Your task>
Set the listing down again exactly, please, apart from its pictures.

Records to use>
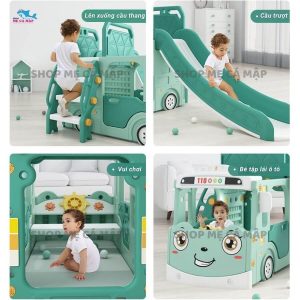 Cầu trượt xe Bus kèm bóng rổ 43 Cầu trượt cho bé tích hợp nhiều hoạt động giải trí khác nhau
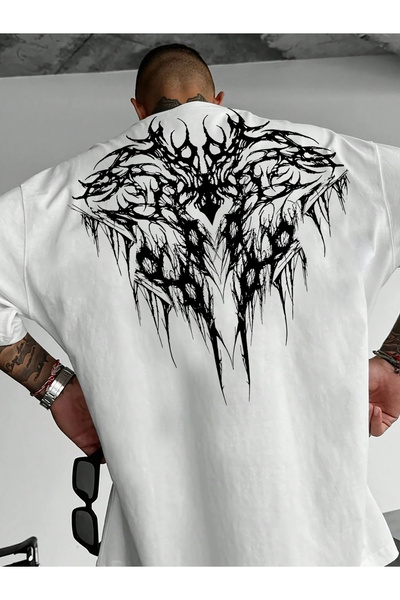 cc collection Erkek oversize Gotil Desen baskılı T-shirt rahat ve şık Tasarım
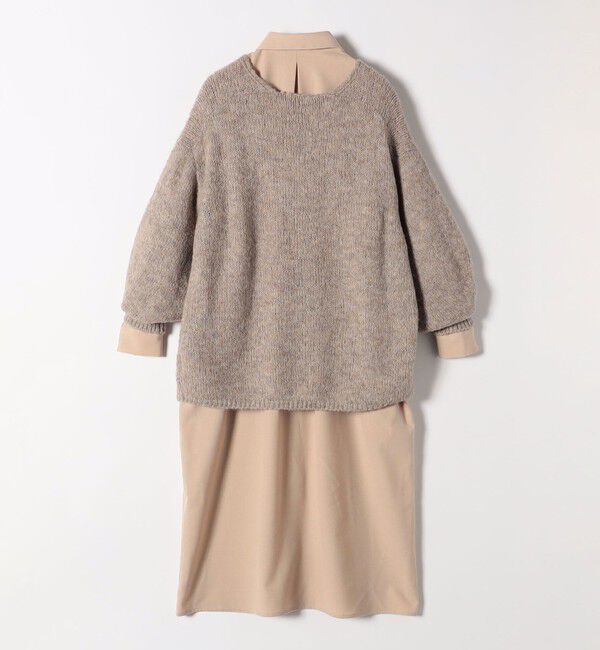 quaranciel「quaranciel:〈洗濯可能〉Vネック ニット ＆ シャツ ワンピース セット」|ワンピース|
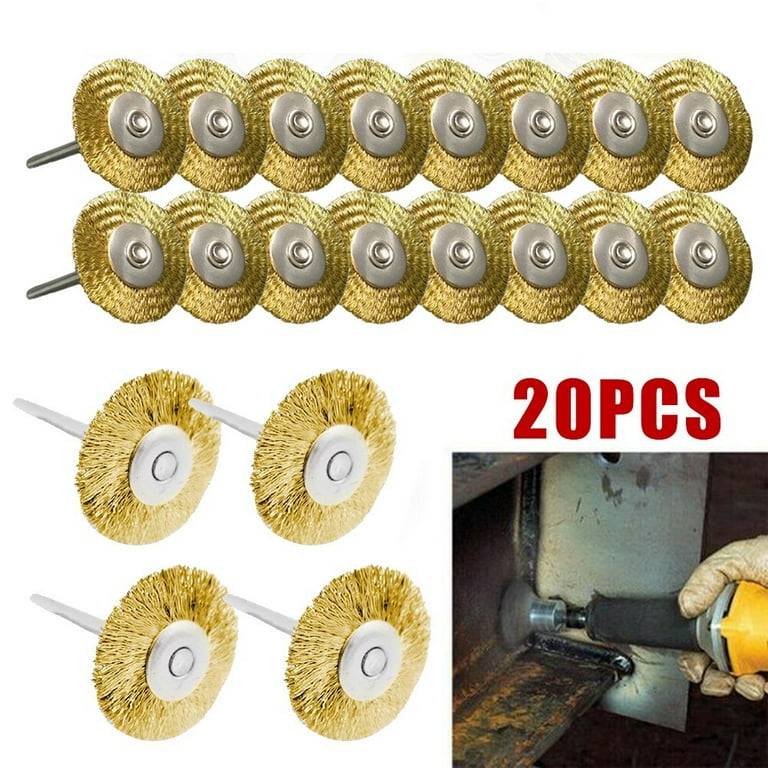 20PCS 3.175*25mm Brass Wire Wheel Brushes Polishing Tool For Grinder  Accessory 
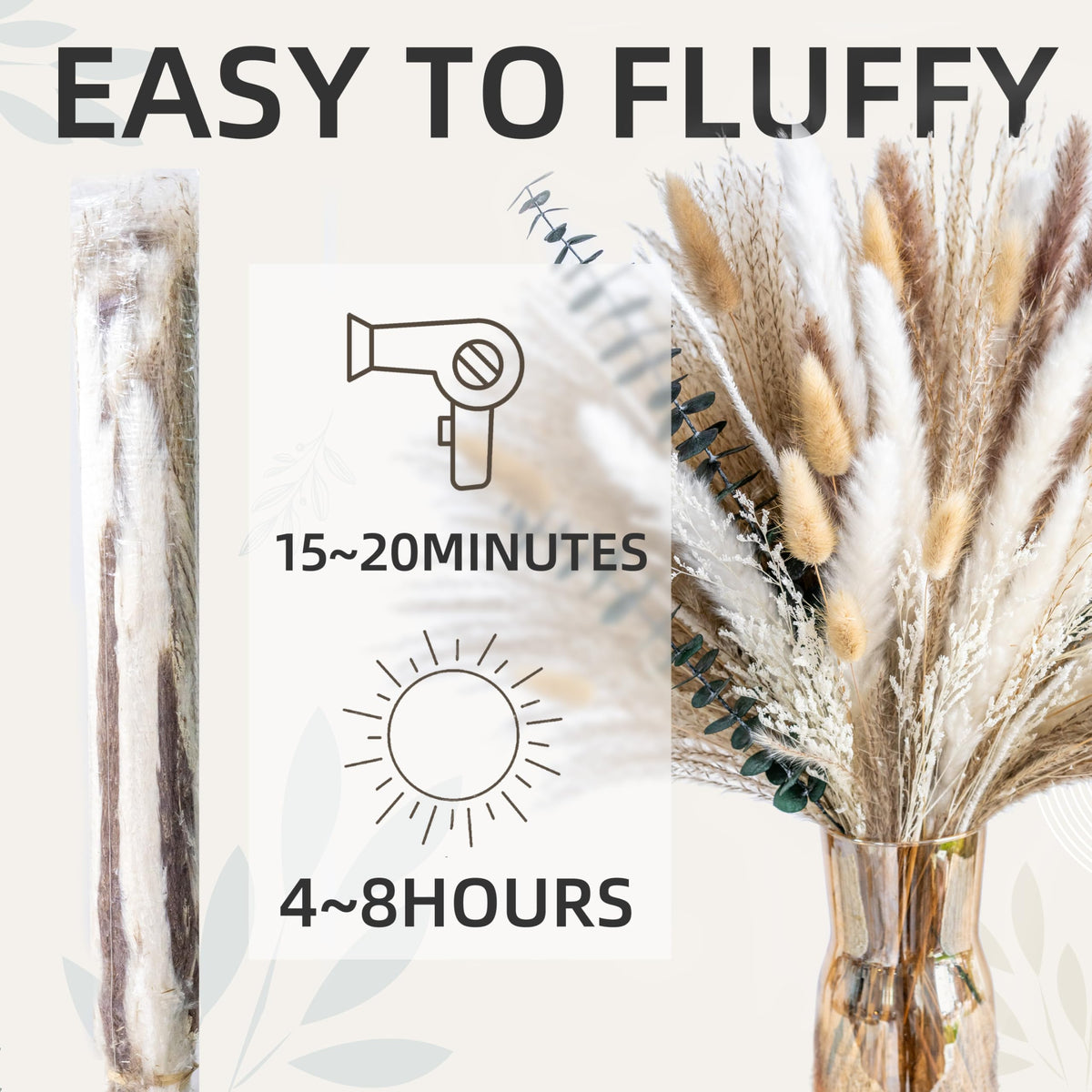 Boho Decor Bouquet - Pampas Grass and Eucalyptus Flowers Decor kit Mix Dried Flower Arrangement Home Table Rustic Farmhouse Bedroom Decor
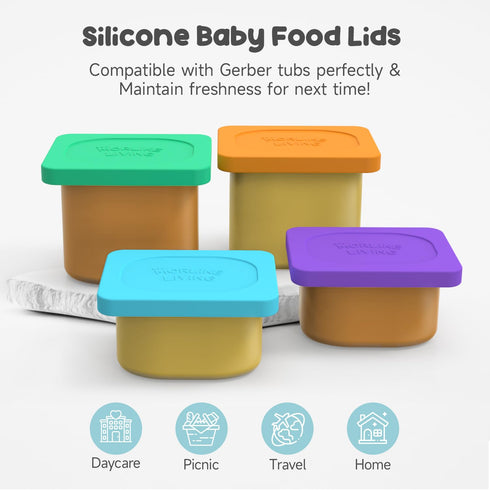 Morlike Baby Food Lids - 4 Pack Silicone Container Lid Compatible with Gerber Food Containers, BPA Free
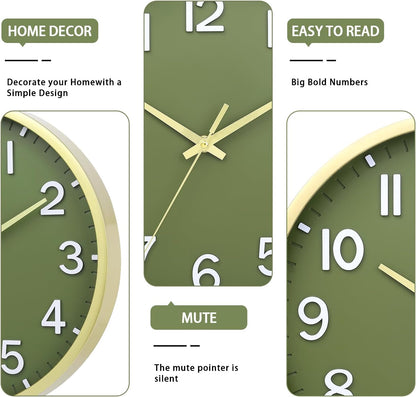 Wall Clocks Battery Operated 8 inch Modern Wall Clock,Silent Non Ticking Wall Clock for Living Room Bedroom Kitchen Office Classroom Decor (Green White)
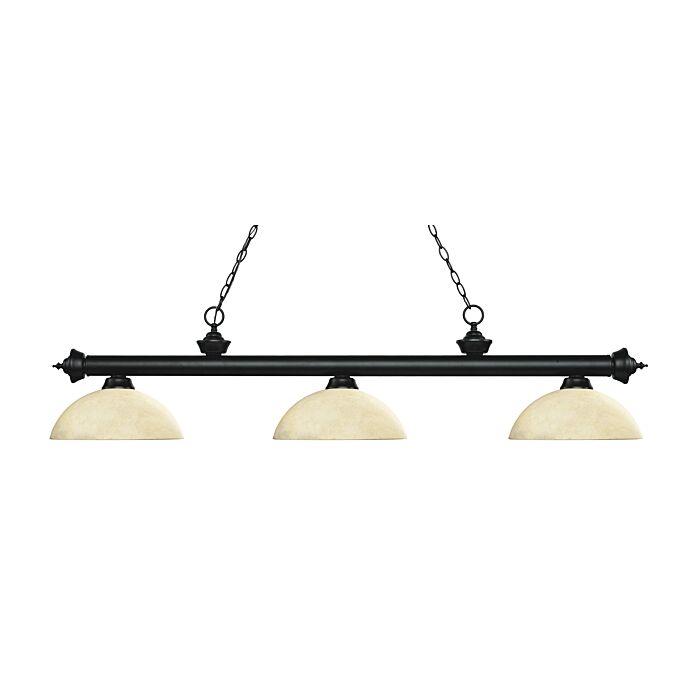 Z Lite Riviera 3 Light Linear Pendant Light In Matte Black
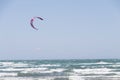 Beach Beauduc : Tourists and locals kitesurfing on large, remote beach with fine sand, popular destination in Southern France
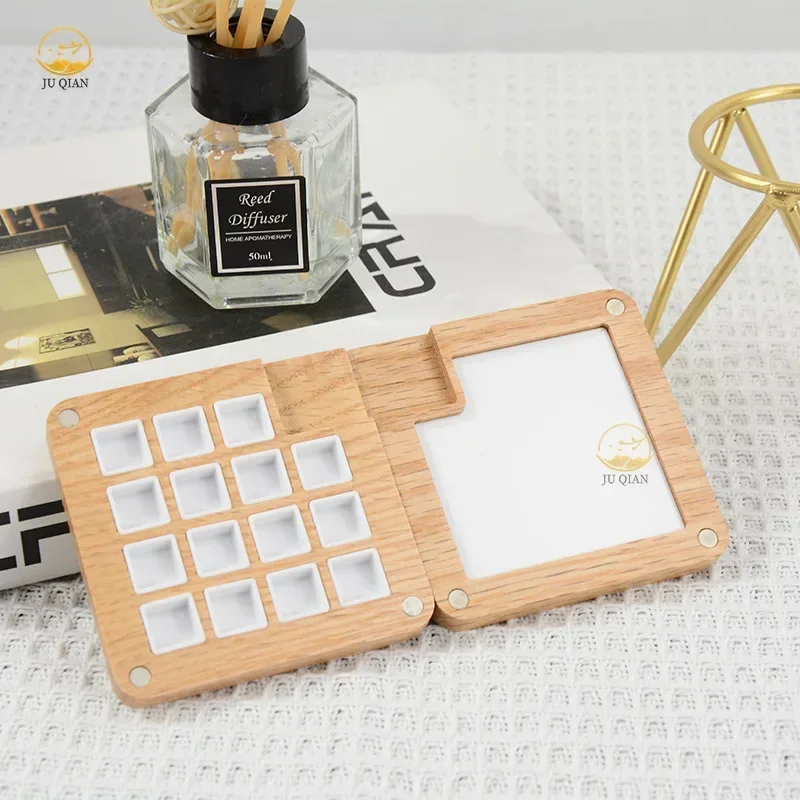 Empty Wooden Watercolor Palette Portable Mini Travel Acrylic Paint Box Square Tray Box Art Painting Supplies paint tray,color palette,watercolor palette
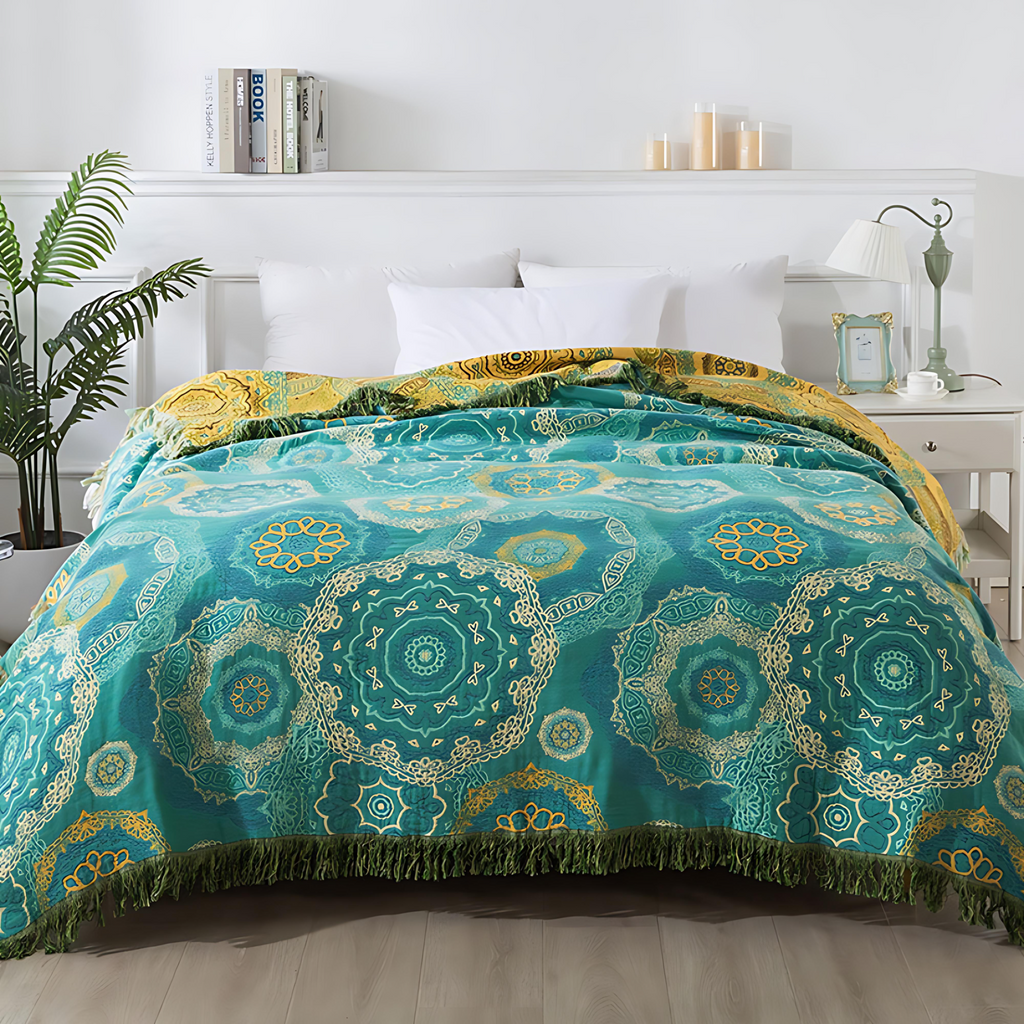 Color Mandala: Breathable Cotton Blanket with Teal-Gold Pattern & Boho Style – for Couch & Bed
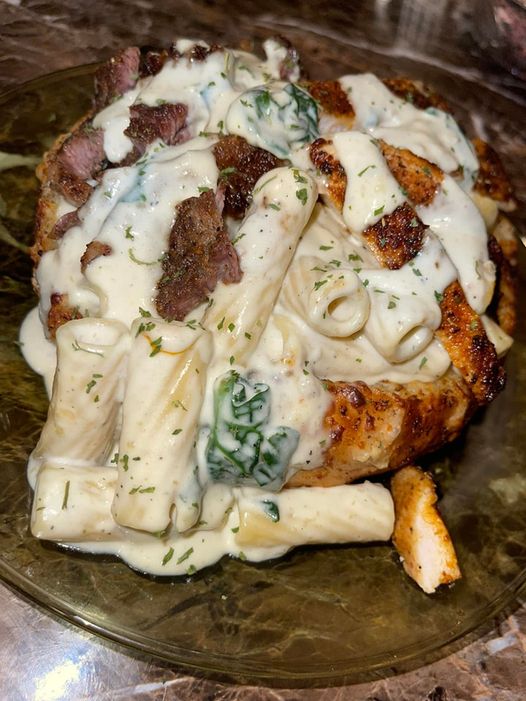 Steak, Chicken, and Spinach Alfredo Bowl - A Delectable Gourmet Dish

Written answer>
 Cầu trượt xe Bus kèm bóng rổ 43 Cầu trượt cho bé tích hợp nhiều hoạt động giải trí khác nhau
 cc collection Erkek oversize Gotil Desen baskılı T-shirt rahat ve şık Tasarım
 quaranciel「quaranciel:〈洗濯可能〉Vネック ニット ＆ シャツ ワンピース セット」|ワンピース|
 20PCS 3.175*25mm Brass Wire Wheel Brushes Polishing Tool For Grinder  Accessory 
 Boho Decor Bouquet - Pampas Grass and Eucalyptus Flowers Decor kit Mix Dried Flower Arrangement Home Table Rustic Farmhouse Bedroom Decor
 Morlike Baby Food Lids - 4 Pack Silicone Container Lid Compatible with Gerber Food Containers, BPA Free
 Wall Clocks Battery Operated 8 inch Modern Wall Clock,Silent Non Ticking Wall Clock for Living Room Bedroom Kitchen Office Classroom Decor (Green White)
 Z Lite Riviera 3 Light Linear Pendant Light In Matte Black
 Beach Beauduc : Tourists and locals kitesurfing on large, remote beach with fine sand, popular destination in Southern France
 Empty Wooden Watercolor Palette Portable Mini Travel Acrylic Paint Box Square Tray Box Art Painting Supplies paint tray,color palette,watercolor palette
 Color Mandala: Breathable Cotton Blanket with Teal-Gold Pattern & Boho Style – for Couch & Bed
 Steak, Chicken, and Spinach Alfredo Bowl - A Delectable Gourmet Dish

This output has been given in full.